Era da un po' che vedeva triste la sua bambina. Triste e insofferente al momento di andare a scuola. E lui - 43 anni, di Iglesias, papà separato, invalido al 70 per cento, ma premuroso e legatissimo alla figlia - ha iniziato a sospettare che il malessere della bambina potesse essere indipendente dall'autismo di cui è affetta.

Per quello, senza tergiversare, ha deciso di indagare e convincerla a confidarsi.

Le domande - «Stavo cucinando quando l'ho vista "strana", così ho iniziato a chiederle cosa avesse.
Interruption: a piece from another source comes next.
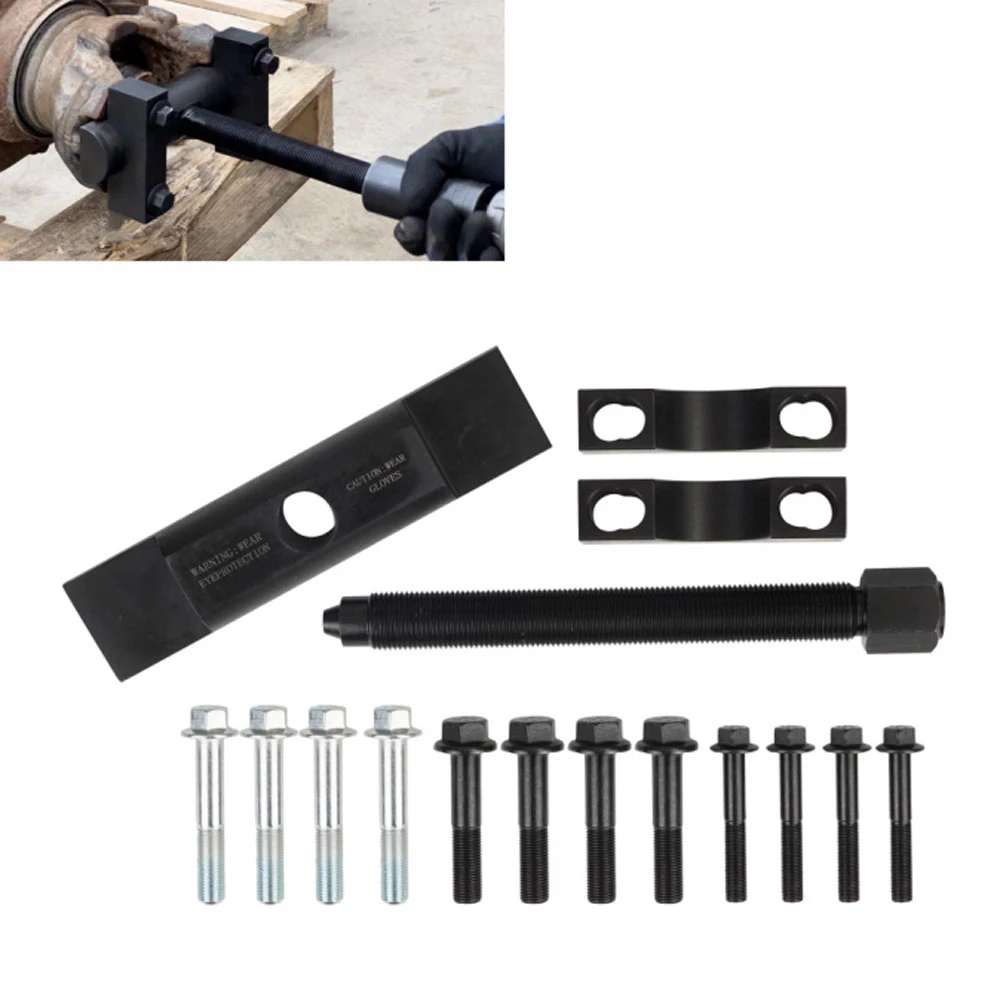 60050 Heavy-Duty Yoke Puller Car Repair Tools For Transmissions And Rear-End Differentials Yokes Removing Tool Acesssories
Lei mi ha risposto con una domanda: papà, ma io sono in prima o in seconda? In seconda o in terza?».

Tanto è bastato al genitore per trasecolare e ribattere: «Lo sai benissimo che sei in quinta, perché mi dici queste cose?».

Ma è quel che la piccola ha detto dopo, ad aver provocato in lui rabbia e sconforto.
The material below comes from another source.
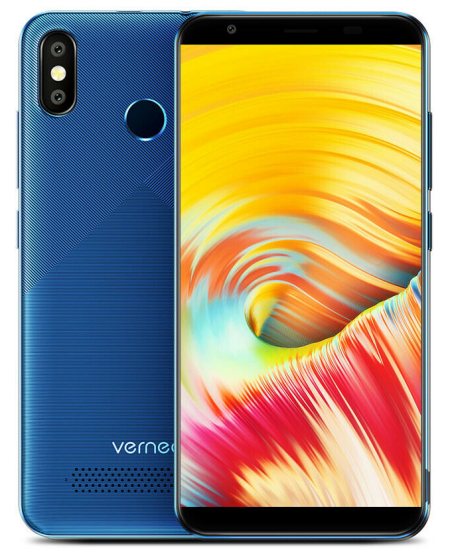 Internet delle Cose: sensore di movimento WiFi e smartphone Vernee T3 Pro in offerta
Le parole della piccola sono state un atto d'accusa nei confronti degli insegnanti, riferisce l'uomo al telefono, ripetendo ciò che ha postato sul social: «Le parole di mia figlia sono state queste: "La maestra di sostegno mi ha portato nelle altre aule per farmi sentire come leggevano gli altri e mi ha detto che io non sono neanche da scuola elementare"».
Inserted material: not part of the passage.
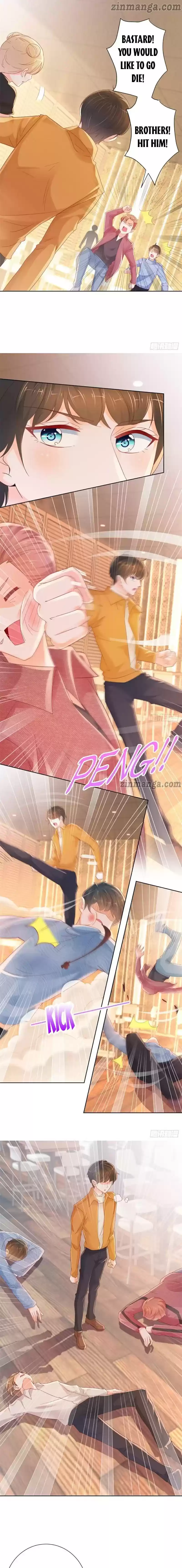 Full Marks Hidden Marriage Chapter 261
L'episodio, a Iglesias, è diventato di dominio pubblico.

Proprio perché il padre della piccola ha reso visibile a tutti il suo profilo Facebook, chiedendo aiuto per avere una divulgazione più ampia.

È quasi certo che la vicenda avrà conseguenze giuridiche: la scuola annuncia querele e il dirigente dell'istituto comprensivo di cui fa parte la classe della piccola già ieri mattina, insieme ad altri insegnanti, è andato in Commissariato per capire come muoversi.

È assai probabile che oggi venga presentata una querela per diffamazione. «È necessario tutelare gli insegnanti e il buon nome della scuola - conferma il dirigente - ci vengono addebitati dei fatti che non sono mai avvenuti e non si può accettare che vengano divulgate notizie infondate».

Il dolore - Il papà, tuttavia, dice di essere pronto a tutto perché il dolore più grande lo ha provato quando ha sentito il racconto della sua bambina: «Lei non dice bugie e io l'ho vista piangere perché non voleva più andare a scuola. Le ho promesso che sarei andato a parlare con le maestre e così ho fatto».

Il giorno successivo alla confidenza della bambina, è andato a prenderla a casa della mamma e, insieme, sono andati a scuola.

«Quando ho chiesto dell'insegnante di sostegno ad alcune colleghe, mi hanno risposto che non c'era. Allora ho raccontato loro cosa fosse accaduto e, come risposta, mi sono sentito dire che non era vero nulla, trattando me e la bambina da bugiardi. Non lo siamo, invece, né io né lei».

L'uomo dice di più: «Con l'équipe dei servizi sociali che ci segue a casa, la mia bambina lavora benissimo perché è trattata con grande attenzione, come si deve fare con tutti i bambini che hanno un problema come il suo. Da scuola, invece, non le danno neppure i compiti per casa». Trattandosi di una minore la polizia potrebbe decidere di vederci chiaro.